I’m 30, lived in Central Florida for the first 26 years of my life, and have experienced more hurricanes and tropical storms than you can imagine. Never in my life did I think I would have to discuss HURRICANE SAFETY again after moving to LOS ANGELES from FLORIDA and yet HERE WE ARE-
(This information is accurate as of 8/17 at 9am PST)

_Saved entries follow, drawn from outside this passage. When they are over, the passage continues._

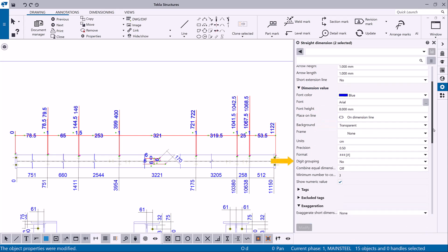You can group the digits, combine equal dimensions, and define if you want to show the numeric value of the dimensions.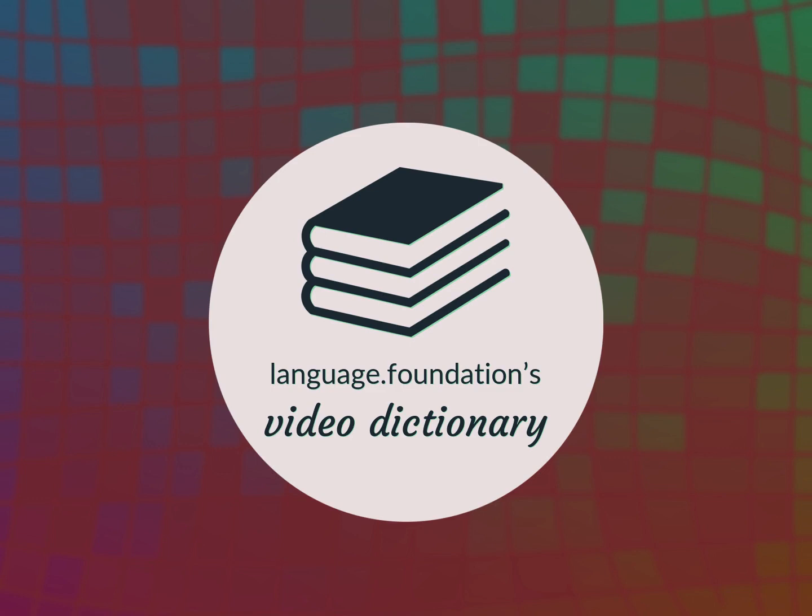Language.Foundation's Video Dictionary, helping you achieve understanding.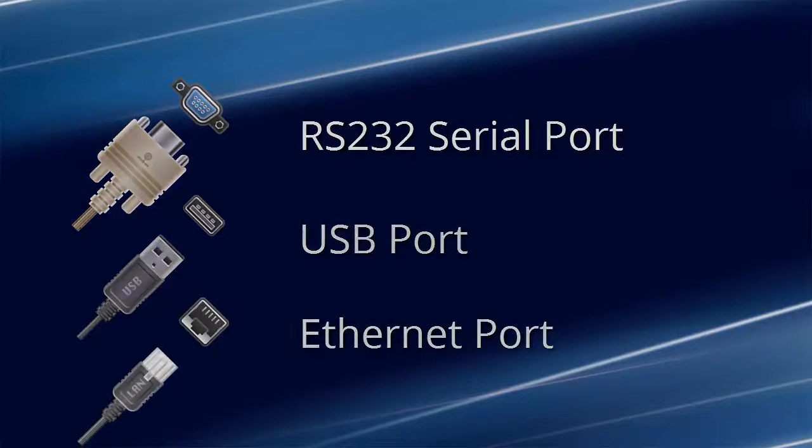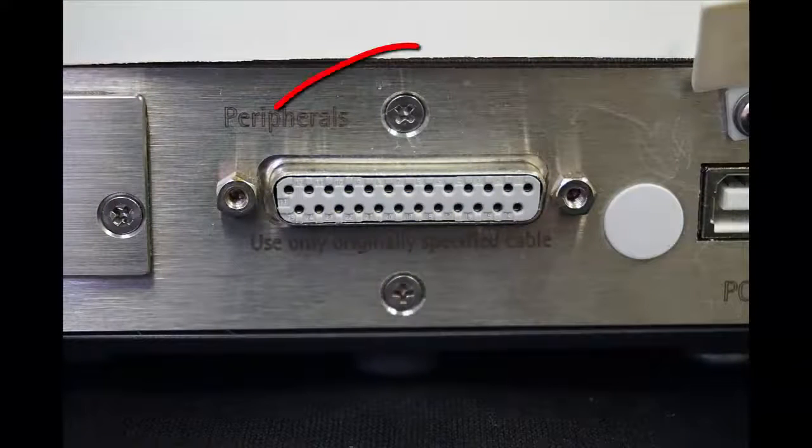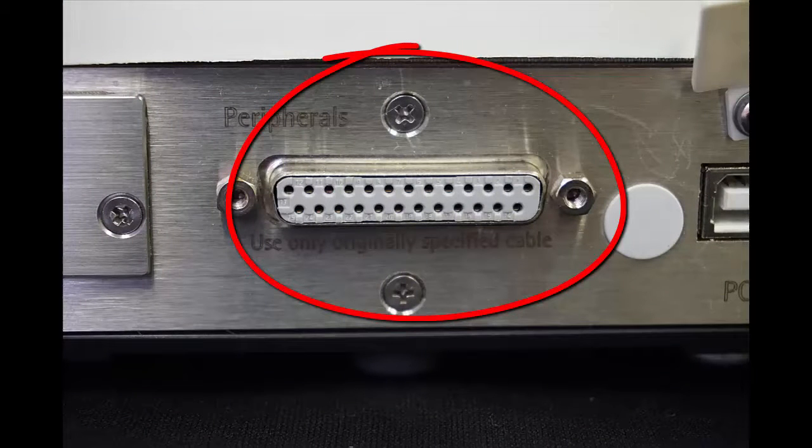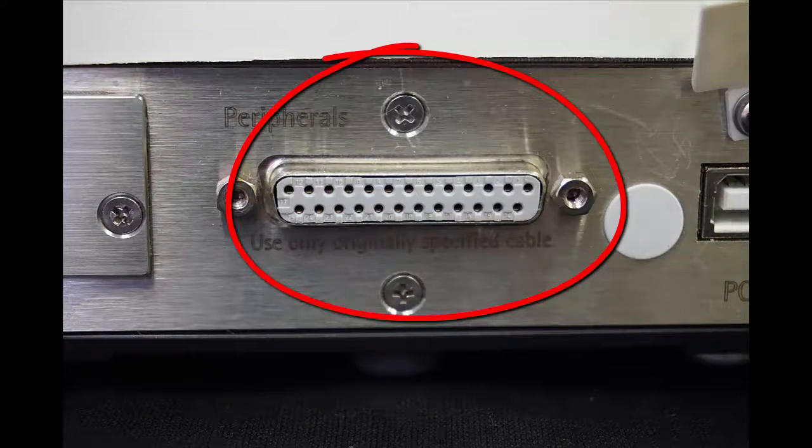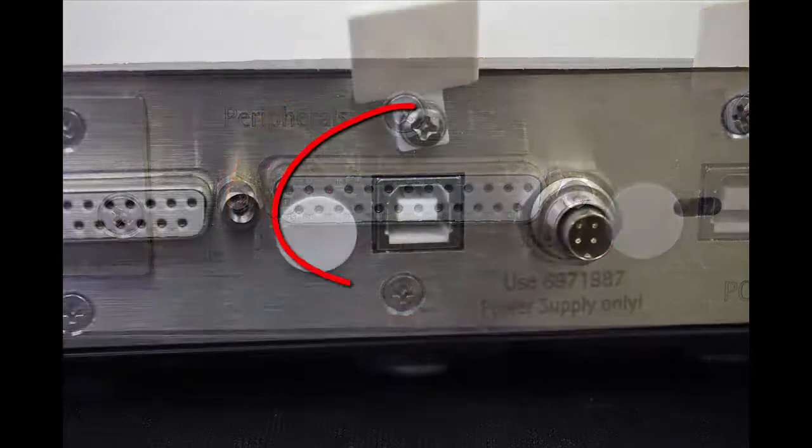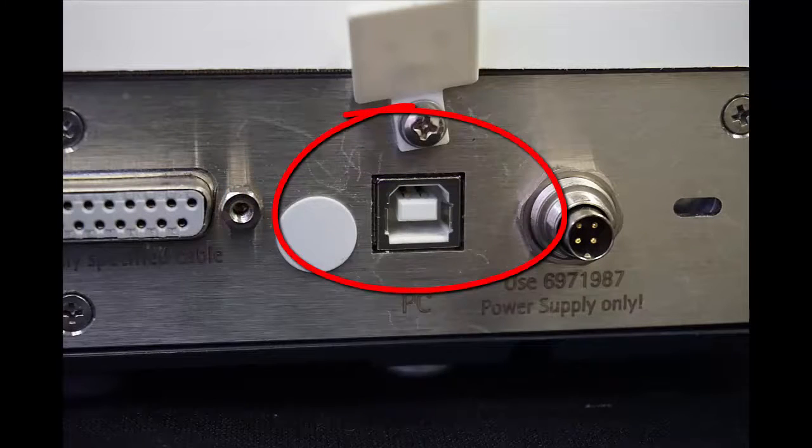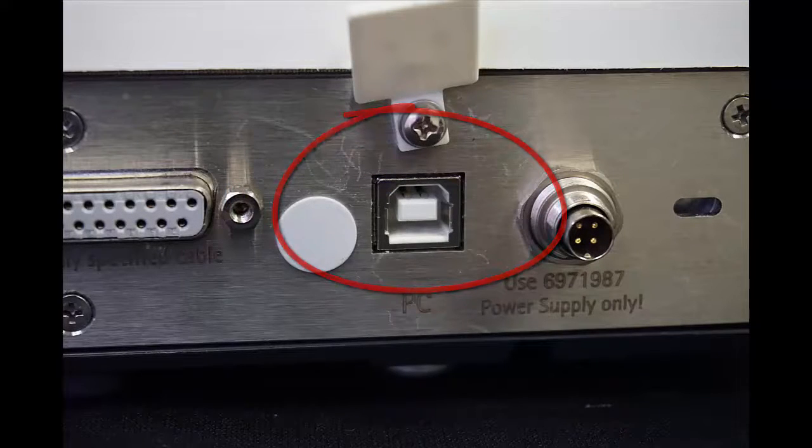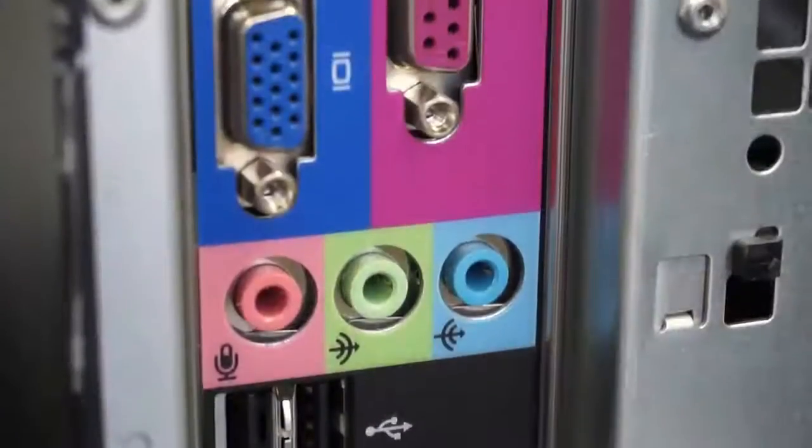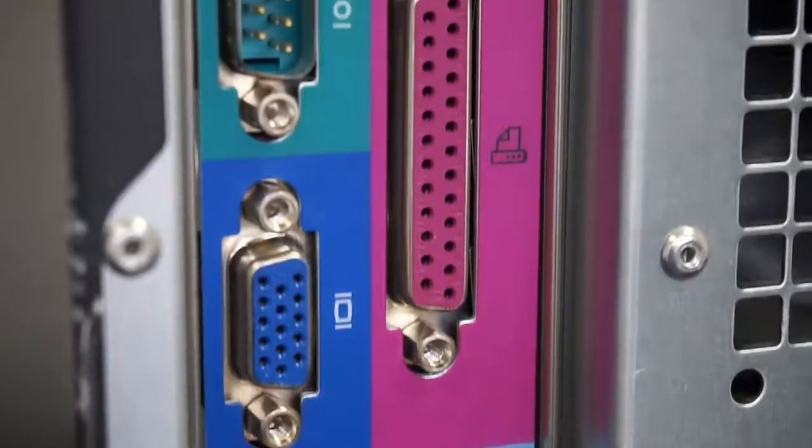Some models might also have an Ethernet port for connecting to a network, but I'll just be discussing USB and serial today. The RS-232 port on a Sartorius balance will have a 25-pin D-type connector, and the USB port will have a USB Type B connector.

SO models are still early but it seems like as of last night, Pacific Hurricane Hilary is rapidly intensified AND has shifted its track pretty severely inland. Originally SoCal was predicted to get some bands off the coast but this does NOT seem to be the case anymore
As our good friend Jim Cantore mentioned above, if Hilary DOES make landfall in SoCal, it will be the first tropical storm to do so since 1939. Fucking yikes.
THE GOOD NEWS:
It isn’t looking like Hilary will make landfall anywhere as a strong hurricane. If it makes landfall in central Baja it looks like it’ll be a Cat 2 which isn’t great but still- better than the Cat 5 it’s currently strengthening to.
As for SoCal, we’re not predicted to get anything over a Tropical Storm. And mountains tear up tropical cyclones like crazy. It’ll (probably) be weak and, wind wise, no worse than the Santa Ana’s
THE BAD NEWS:
Our Cone of Uncertainty is currently pretty wide- this fluctuation matters as it determines which side of the storm hits us. Is this significant? Yes. The right side of a Hurricane is considered the “dirty” side- it’s the side that is most likely to produce severe weather, such as severe thunderstorms and tornadoes. It’s still too early to determine what side will affect us the most but it’s something to keep in mind.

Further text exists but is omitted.